The task: Only what runs from the line with "Immagine di Flaminia" to the end of the data should appear in the answer, exactly as written and without pictures.

Extracted information:
=-=-=
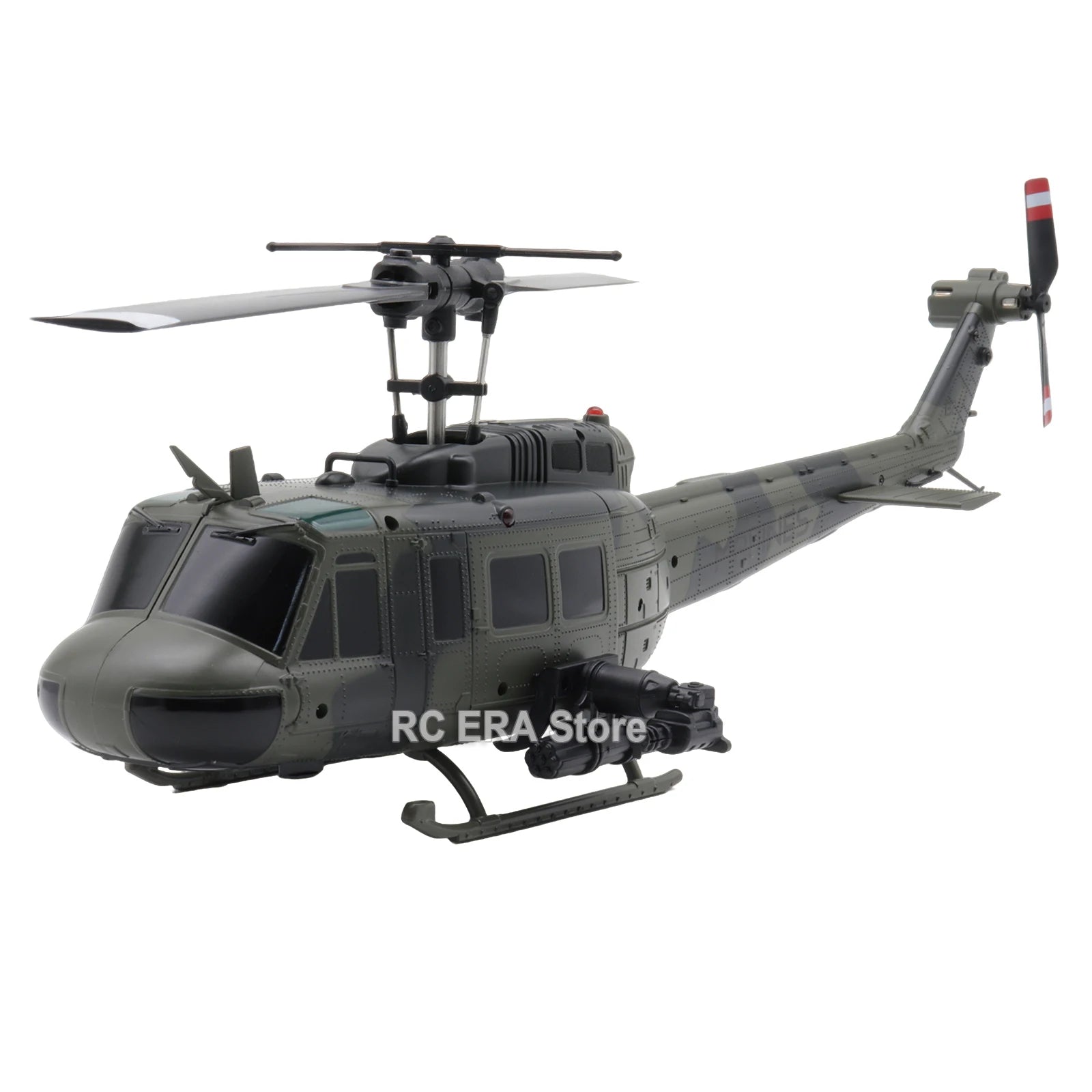 RC ERA C032 UH1 Huey Weathered Marine 6ch RC Helicopter with Optical Flow TOF Auto Stabilized Remote Control Hobby Toys for Boy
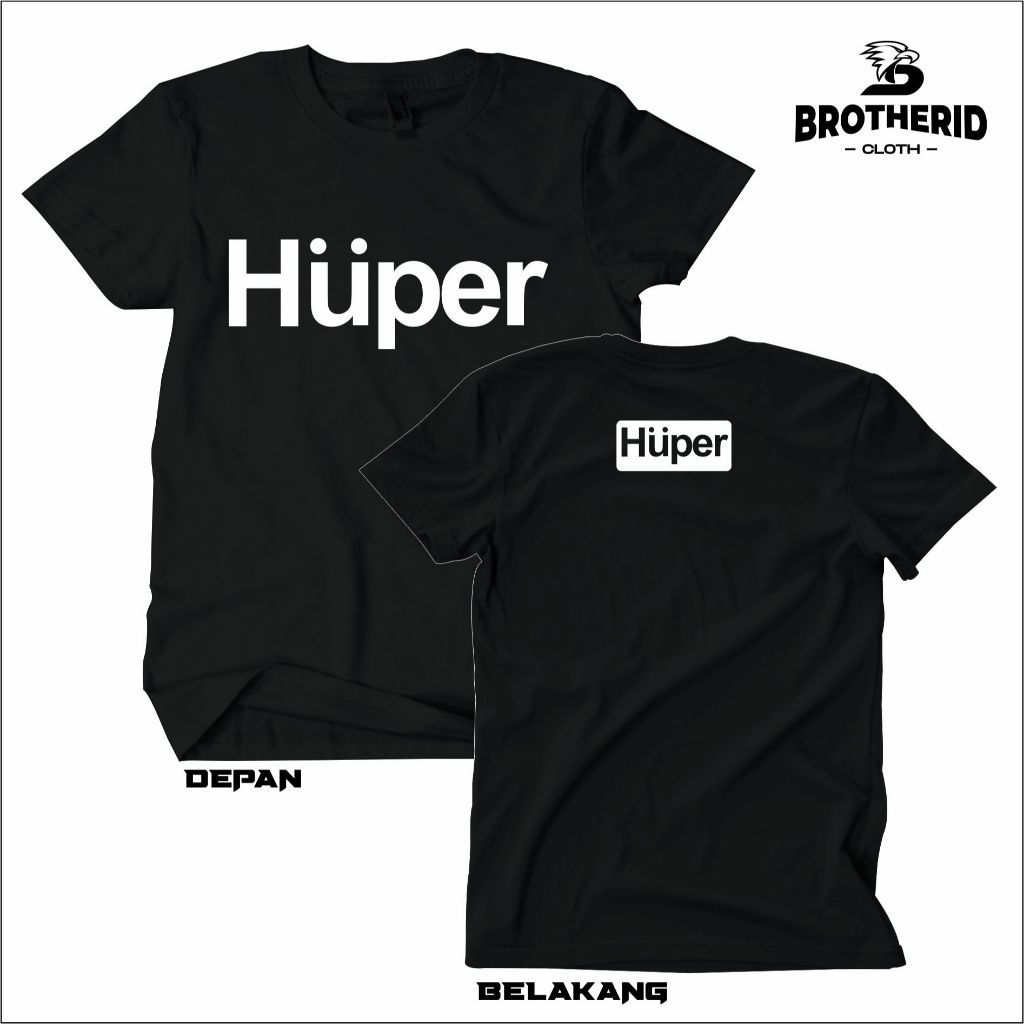 Kaos Huper Audio Baju Operator Sound System Original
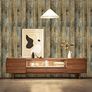 NEW SALE | Brown Wood Wallpaper Rustic Peel and Stick Wallpaper Blue Self Adhesive Contact Paper Sticky Back Plastic Vinyl Film Removable Waterproof Roll for Bedroom Bathroom Sitting Room 44.5x500cm Image 2
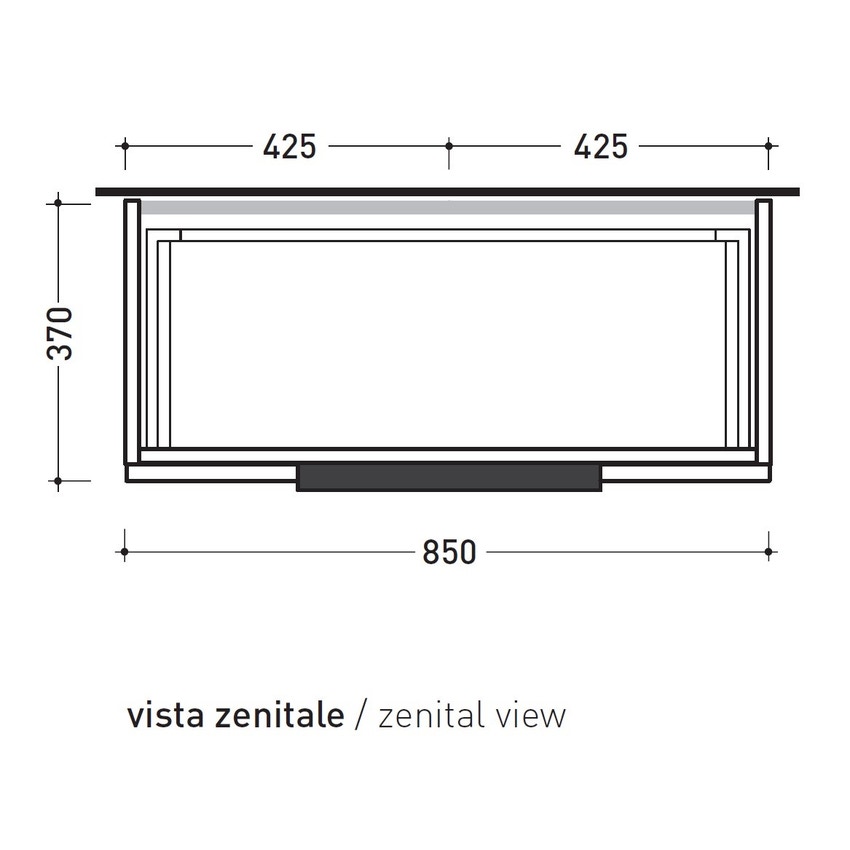 Immagine di Flaminia BOX base portalavabo sospesa, 1 cassetto, L.85 P.37 H.50 cm, con top e foro per lavabo da appoggio, finitura oj grigio BX810+BXPR38OJG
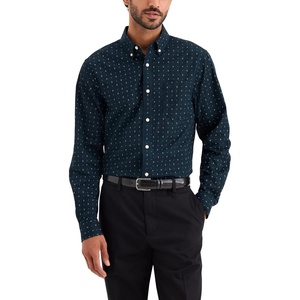 image:imageDockers Mens Classic Fit Long Sleeve Signature Iron Free Shirt with Stain DefenderTotal Eclipse Print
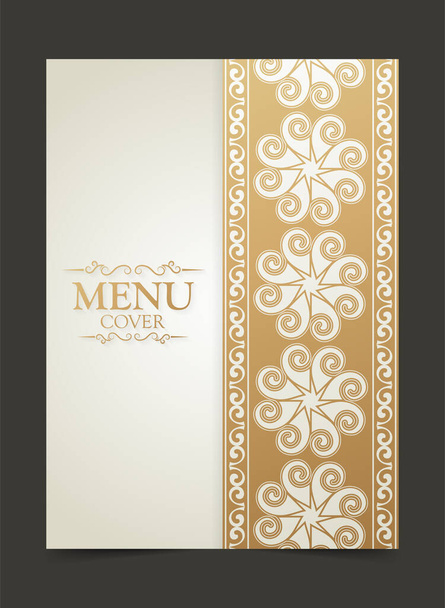 Elegantes Menü-Cover-Design - Vektor, Bild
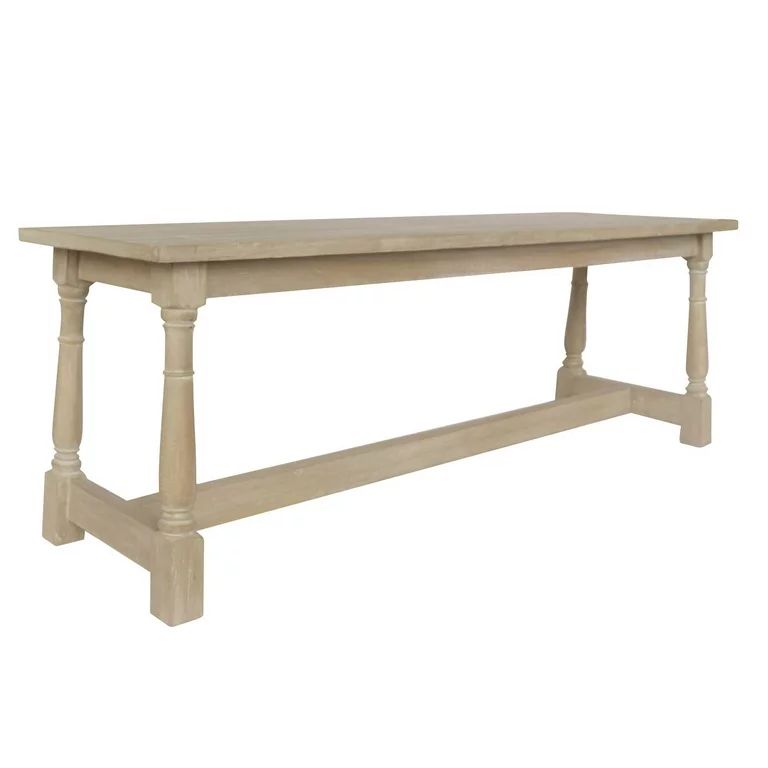 Jessamine Solid Wood Backless Indoor Bench by East at Main - Handcrafted Natural Mindi Wood Dinin... | Walmart (US)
=-=-=
Response to the task:
 Immagine di Flaminia BOX base portalavabo sospesa, 1 cassetto, L.85 P.37 H.50 cm, con top e foro per lavabo da appoggio, finitura oj grigio BX810+BXPR38OJG
 image:imageDockers Mens Classic Fit Long Sleeve Signature Iron Free Shirt with Stain DefenderTotal Eclipse Print
 Elegantes Menü-Cover-Design - Vektor, Bild
 Jessamine Solid Wood Backless Indoor Bench by East at Main - Handcrafted Natural Mindi Wood Dinin... | Walmart (US)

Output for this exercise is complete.